— SUPPLIED MATERIAL —

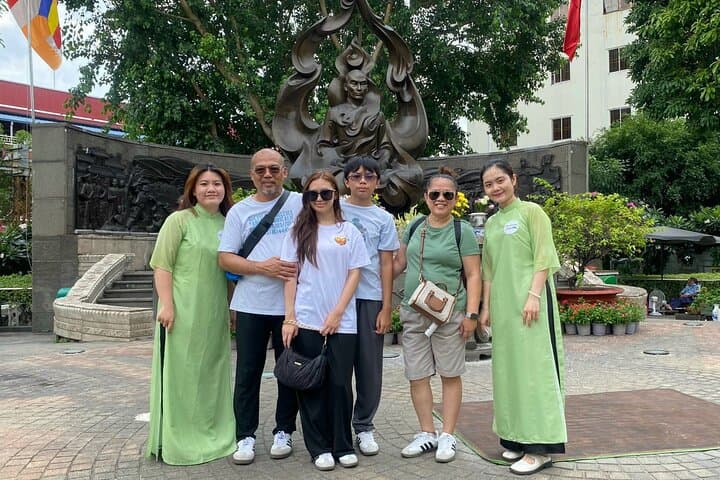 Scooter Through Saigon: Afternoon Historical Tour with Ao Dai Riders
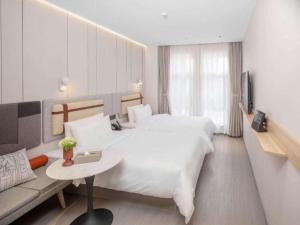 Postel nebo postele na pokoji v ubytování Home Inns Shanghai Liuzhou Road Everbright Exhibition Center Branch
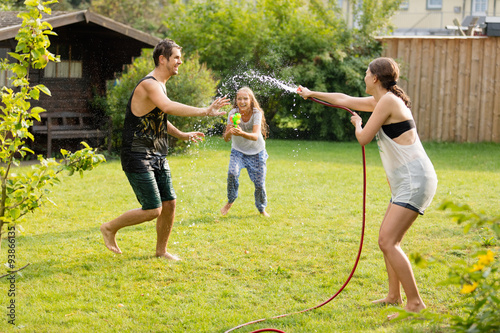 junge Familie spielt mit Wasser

— WHAT YOU HAVE TO DO —
Your answer must be the full listing, word for word, minus any images.

— WRITTEN REPLY —
 Scooter Through Saigon: Afternoon Historical Tour with Ao Dai Riders
 Postel nebo postele na pokoji v ubytování Home Inns Shanghai Liuzhou Road Everbright Exhibition Center Branch
 junge Familie spielt mit Wasser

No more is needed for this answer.